The Christians of Thessalonica had gotten the wrong idea about work. Having heard that the Jesus might be returning soon, they decided that all they needed to do was sit down and wait. They were thinking, “Jesus is going to return, the end of the age is coming, so, hey, why work up a sweat? Let’s sit down, relax, and wait it out.” The Christians of Thessalonica figured that God would take care of everything, so why bother to work? So to these lazy bums, the Apostle Paul delivered a stinging word of rebuke; instead of being idle, lazy bums, they should follow Paul’s example and remember Paul’s motto: “If a man will not work, he shall now eat.” And that brings us back to the question I asked before the prayer, “Do you work to eat or eat to work?” What this question is really asking, is what is your ethic regarding work? Do you look at it as a necessary evil or do you look at it as an opportunity to live a Christian life? See for me, whether I do my job in the computer field or here, in my ministry, one thing is constant: I am a Christian. And in all that I do, I represent my Savior, Jesus Christ. As I do my work, I think of the Work Jesus did for me. So sometimes I wonder if people get lazy about their work ethics because they either don’t know Jesus, or maybe because no one ever shared with them the meaning of work, especially for a Christian.

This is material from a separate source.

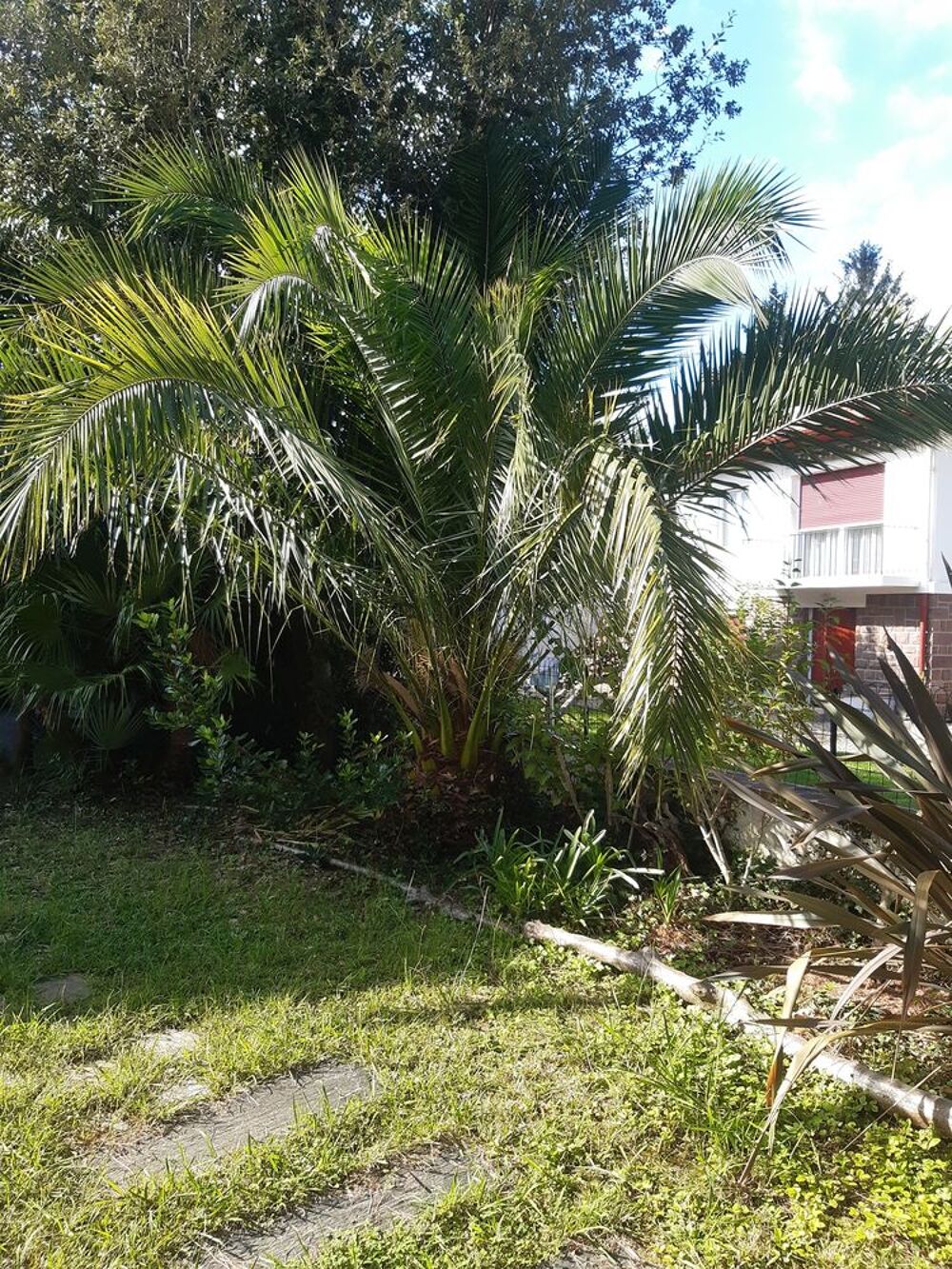 Grand palmier de type Phoenix Canariensis (15 ans) Jardin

Paul says that we work as an example to others. Our work is a part of our witness. He says in verse seven:

For you yourselves know how you ought to follow our example. We were not idle when we were with you, not did we eat anyone’s food without paying for it. On the contrary, we worked night and day, laboring and toiling so that we would not be a burden to any of you. We did this, not because we do not have the right to such help, but in order to make ourselves a model for you to follow.”

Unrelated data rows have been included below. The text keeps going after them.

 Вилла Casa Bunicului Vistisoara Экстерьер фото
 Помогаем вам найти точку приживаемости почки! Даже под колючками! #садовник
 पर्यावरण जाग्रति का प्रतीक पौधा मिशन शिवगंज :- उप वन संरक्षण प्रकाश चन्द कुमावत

When I think about a person who worked hard his whole life without complaining about it, I think of my dad. If he were still alive, he would be 83 now. I’m thinking of my dad and his witness about work. As a young man growing up in a German community in communist Ukraine, he was only allowed to complete the fourth grade so that at age 10, he could go to work and bring in money for the family. His own dad was killed by the communists and his mother worked two jobs in the “big city” in order to support dad and his two brothers. My dad knew nothing, other than work, for most of his life. Later he was drafted into the German army where he worked 18 hours a day. Then, after the war, Germany was in a shambles and he worked on farms during every daylight hour. It wasn’t until mom and dad came to America that my dad could at least reduce his working hours to about 10 a day. But still, he worked hard. And he didn’t complain. He didn’t give in to despair nor did he give in to laziness. Dad was proud of his work. For him, his work was his witness. Dad would get up early and come home late, often working overtime, but he would not complain. Instead he would tell us that what he was doing was to make sure that people were satisfied with the quality of his work. His work was his witness. And, unfortunately, it’s not as easy to find this work ethic anymore.